WEEKI WACHEE — It’s u-picking time at Margo’s Blueberry Farm in Weeki Wachee, and the pickin’s good.

“We didn’t pick commercially this year, so we have a lot more for the u-picker,” said Hunter McCann, daughter of Tony Murchio, who started helping with planting and fertilizing when she was just a third-grader.

Picking started a couple of weeks ago on the farm, at 15056 Eckerley Drive, and will run through May, she said. As she spoke, loud bangs from an automated cannon blasted periodically to scare off the birds. They like the blueberries as much as the customers, McCann said.

Pickers have two varieties to choose from: Farthing and Spring High. The Spring High is sweeter, but McCann likes the flavor of the Farling better.

Murchio moved from New Port Richey in 1987 and bought some acreage in northwest Hernando County. Around 2000 he thought of farming some of the land, and thought trees for lumber made sense.
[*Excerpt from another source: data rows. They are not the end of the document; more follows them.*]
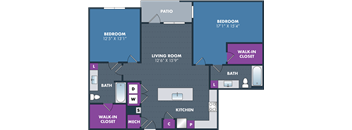 the blueprint of a roommates roommates living room floor plan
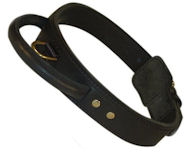 Latigo Leather Agitation Dog Collar With Handle for Dalmatian Latigo Leather Agitation Dog Collar With Handle for Dalmatian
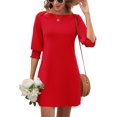 thumbnail image 1 of Vestido de verano LUYAA 2025 para mujer rojo poliéster/rayón/spandex, 1 of 6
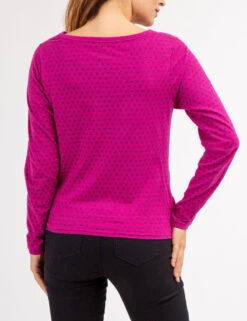 U.S. Polo Assn. DITSY LONG SLEEVE TWIST FRONT TOP -Glimmera Cloth Shop 2158721W HSDF 70081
“Then someone brought up blueberries, so we ended up doing that,” he recalled.

It was the right choice, as two decades ago it was the salad days (or in his case, the fruit salad days) with Florida blueberries the first to market and commanding a good price for farmers. The income allowed him to buy more land and expand the operation. But good times didn’t last. Farms in Mexico and Chile would crop up, under-selling Florida farmers and making things a lot tougher for them.

“It’s why we’re not commercial picking this year,” said Murchio. “It’s just not worth it; the government is no help with tariffs or restrictions on foreign berries, so we’re surviving on u-pick right now.”

He gets $4 a pound if you pick them yourself and a bit more if you’d rather not. Picking hours and other info is online at www.margosblueberryfarm.com or on Facebook by searching the farm’s name.

Murchio currently has 7 acres of blueberries planted. He has room for more, but he’s looking to use some of that land to try blackberries and muscadine grapes to boost profits, as “you’re not going to get rich growing blueberries these days; those days are gone.”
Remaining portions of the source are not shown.